Copy, without a single change, each line from the one that holds "पन्ना में बाघ की रैंप वॉक" to the bottom of the entries below, and drop any pictures.

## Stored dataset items
=== Section Start ===
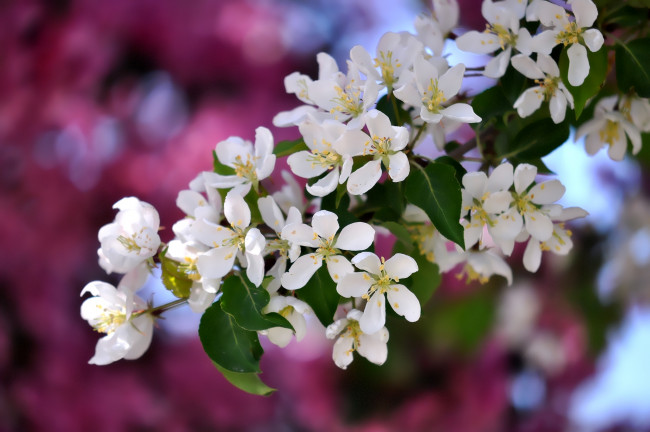 Обои картинки фото цветы, цветущие деревья ,  кустарники, весна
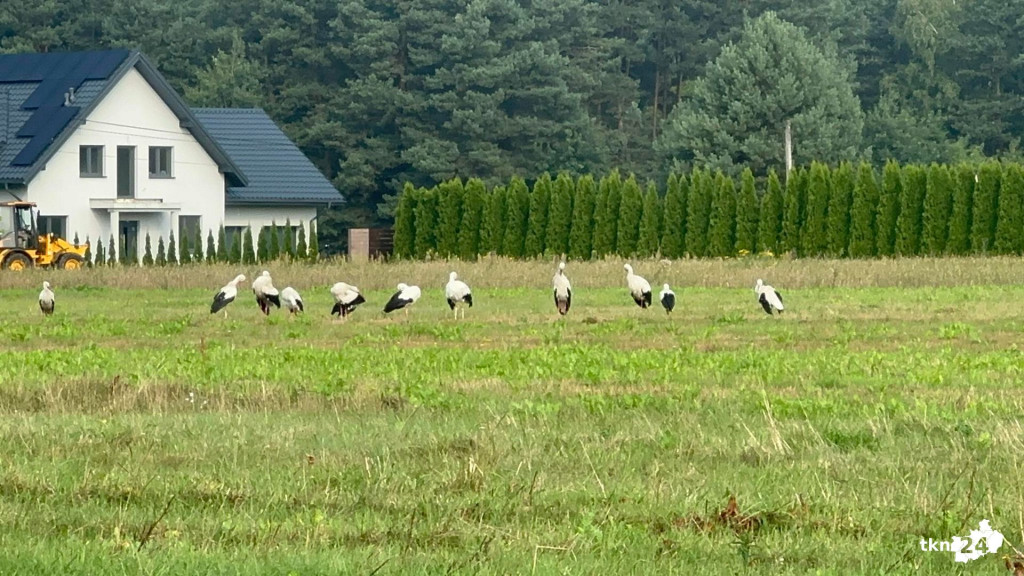 Bociani Sejmik zebrał się w Wincentowie [wideo, zdjęcia]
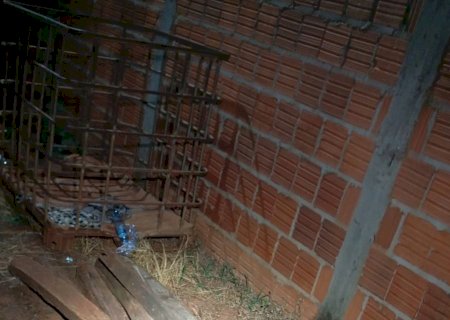Ação conjunta da Polícia Militar e Polícia Civil prende suspeito de furto de madeiras em Ivinhema.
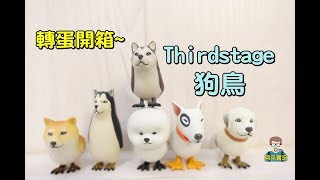 阿平實況 韓國 轉蛋 扭蛋 設計師玩具 Thirdstage 狗鳥 迷你版 全6種 開箱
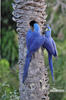 Hyacinth Macaw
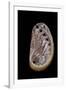 Haliotis Tuberculata-Paul Starosta-Framed Photographic Print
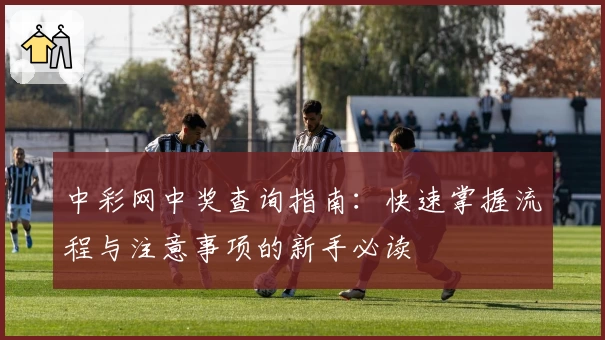 中彩网中奖查询指南：快速掌握流程与注意事项的新手必读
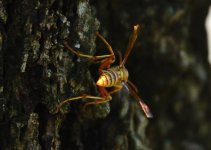 26th Aug 2015 001.JPG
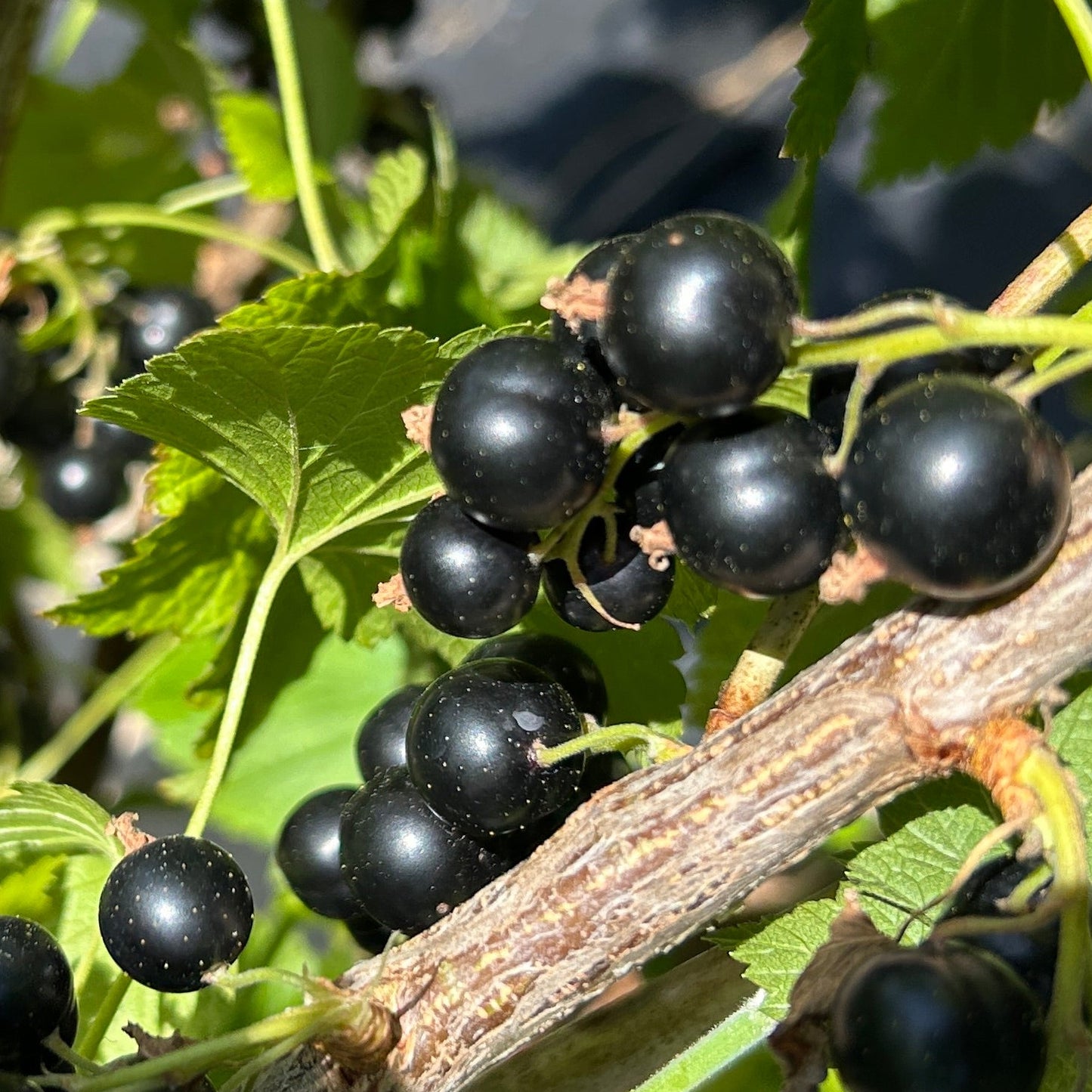 Eagle Black Currant Cutting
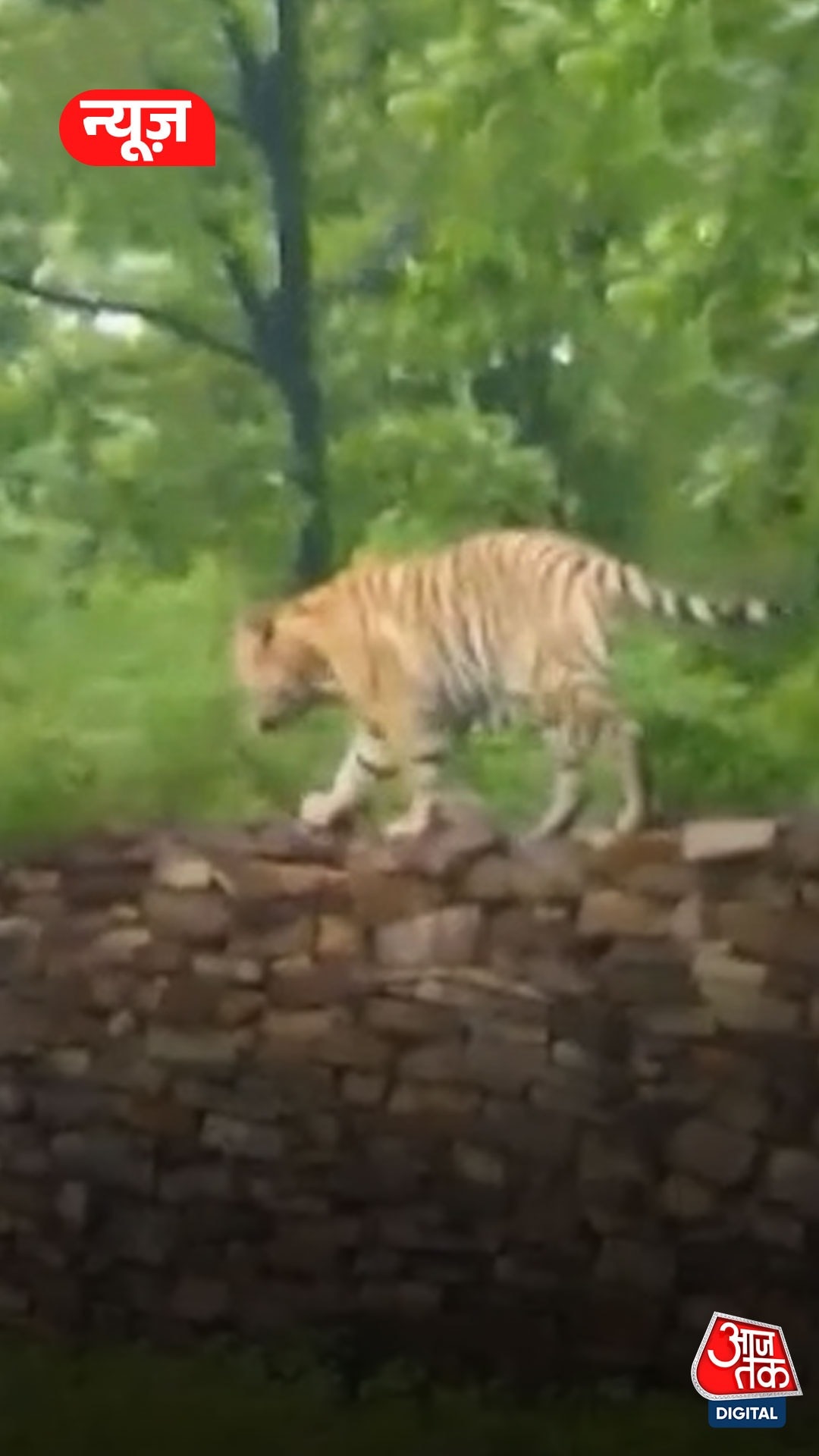 पन्ना में बाघ की रैंप वॉक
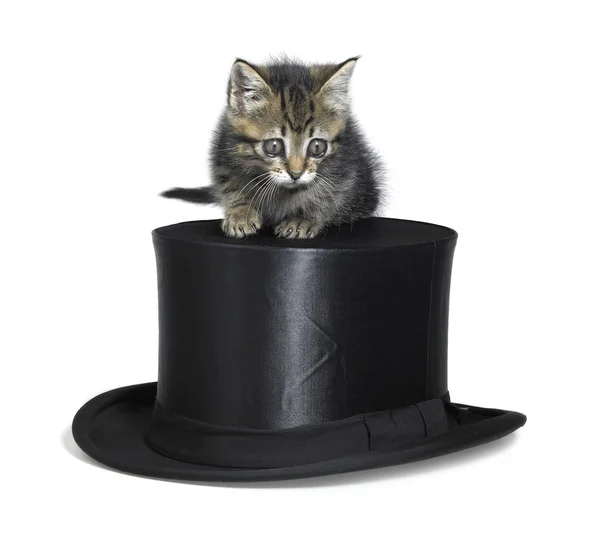 Cute kitten on top hat — Stock Photo, Image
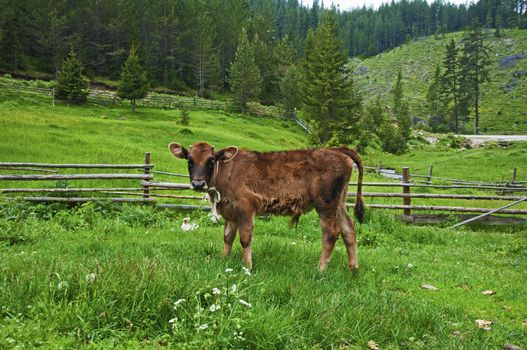 Brown young calf in green mountain meadow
=== Section End ===
## THE COMPLETED TASK
 पन्ना में बाघ की रैंप वॉक
 Cute kitten on top hat — Stock Photo, Image
 Brown young calf in green mountain meadow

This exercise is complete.